Henry's first cover: Argosy, September 14, 1935.
A less flattering, more comical cover introducing a 1937 serial
This one's from 1938, after Argosy abandoned its signature red band cover format.
While Short Stories published numerous Henry stories, this 1947 issue has the character's only cover story.
By 1939 Metro-Goldwyn-Mayer had recognized Argosy as a source of likely screen material. The studio had launched a successful film series based on Max Brand's re-launch of his Dr. Kildare character in a series of Argosy serials. M-G-M made movies of two Marco Page serials, Fast Company and Fast and Loose, about yet another husband-wife team of detectives. As Henry Harrison Conroy was one of Argosy's most popular recurring characters, he must have seemed a likely prospect for the Tiffany studio. Once Metro acquired the rights, the only real question was whether the studio would do the obvious and hire W. C. Fields to play Henry. The original story practically begs Fields to play the part, harping often on Henry's red nose, and the pulp character never deviates from a Fieldsian ideal, albeit in benevolent mode. For all we know, this came close to happening. We know that Fields was in negotiations with M-G-M for the title role in The Wizard of Oz. Had the great man taken that part, and had a contract come with it, he very likely may have played Henry.

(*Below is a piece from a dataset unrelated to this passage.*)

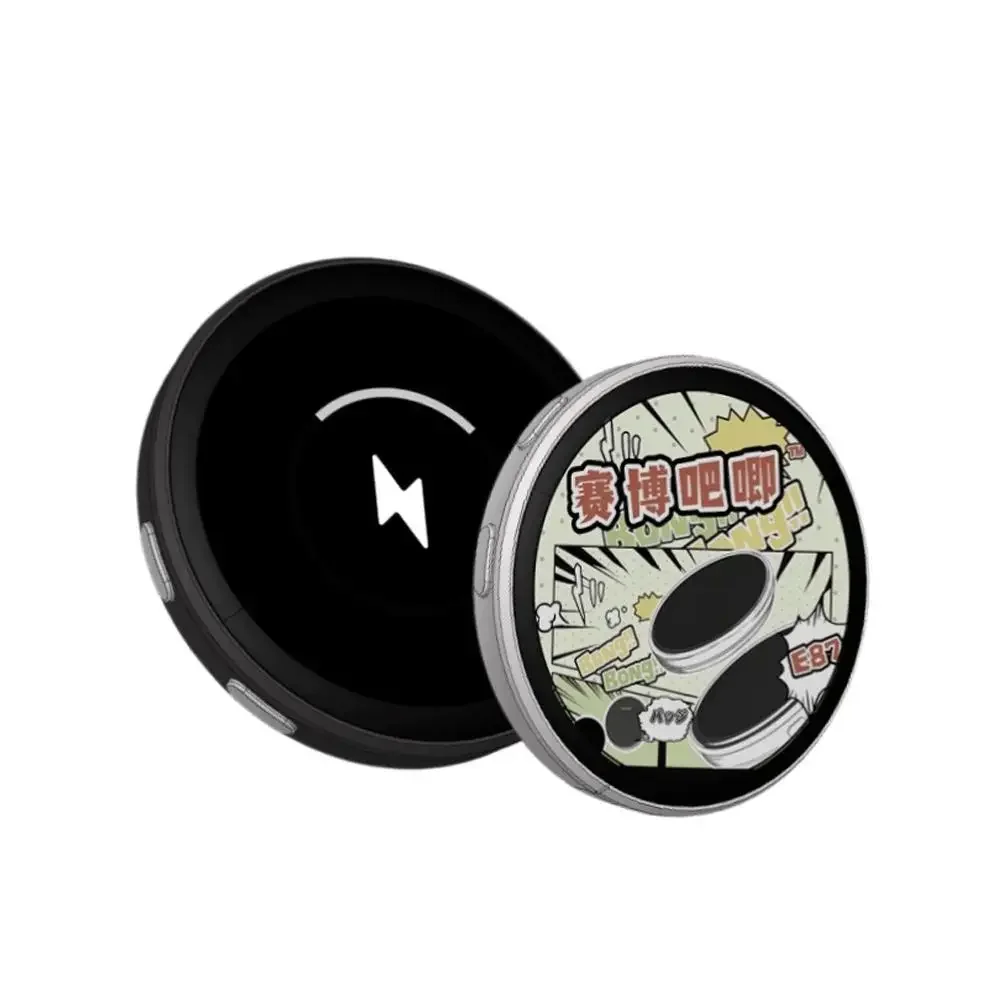 

Электронный значок аниме Cyberbadge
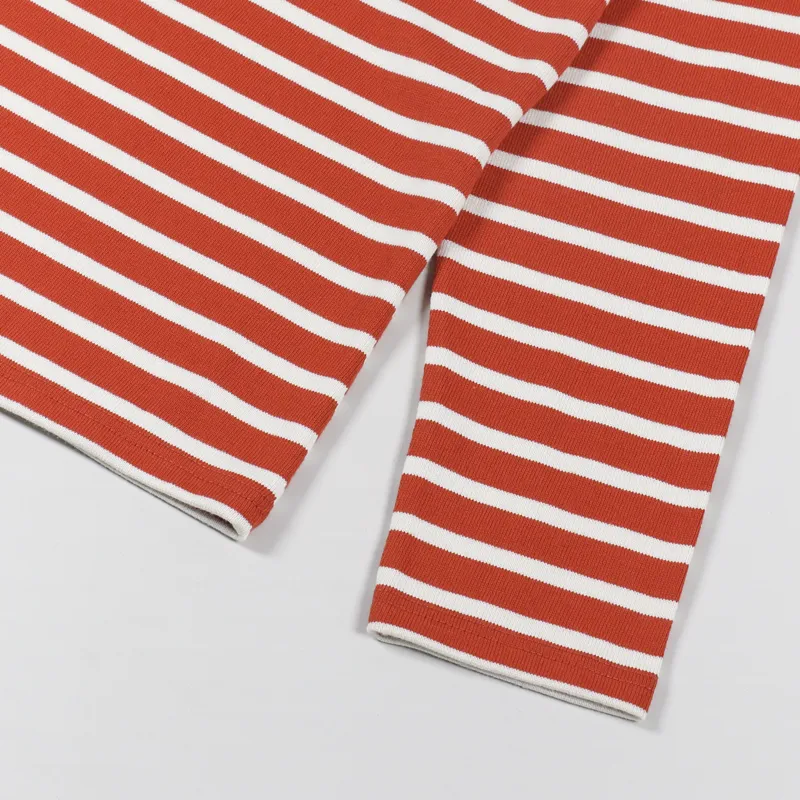 Armor Lux Mariniere ML Heritage T Shirt Tajine Nature-3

But he signed with Universal instead and did a comedy western of his own, or of Mae West's, in 1940. And as it turned out, the man who played the Wizard, Frank Morgan, also played Henry Harrison Conroy.
I think Frank Morgan could have played a more authentic Henry. Tuttle's character has a self-deprecating attitude toward himself and a bemused attitude toward everything happening around him, especially once, in later stories, he's made the sheriff of Wild Horse County. He has more cunning than most give him credit for, or else how could he solve all those mysteries, but his preposterous appearance and laid-back demeanor keep him on the brink of recall and earn the county the "Shame of Arizona" label that stuck with the series to the end. In short, imagine what Fields could have done as Henry, and I think Morgan could have done something similar. But the screenplay reduces Henry to a fuddy-duddy fraidy-cat until he's shamed into taking a stand and uses his makeup kit to lure his enemy into a trap. In the original story Henry charges into a burning bank because he suspects a corpse will be found inside. The film keeps some incidents from the story, including a banquet that ends with an assassination attempt and Henry mistaking catsup for blood. It also expands on a bit in which Henry takes a tumble while dismounting a horse, showing us his difficulties in climbing aboard in the first place, but Morgan isn't enough of a physical comic to keep the pratfalls interesting. Just about nothing is as it should be in this picture, and yet it shouldn't have been hard at all. For all the times when Hollywood improved on pulp or slick magazine material, there are also times like this one when Hollywood tried to improve on something that really was no masterpiece for starters and only managed to make it worse. As a result, Henry Goes Arizona stands forlornly alone while W. C. Tuttle kept on writing Henry stories for another decade. In this case, M-G-M should have left pulp fiction to the experts.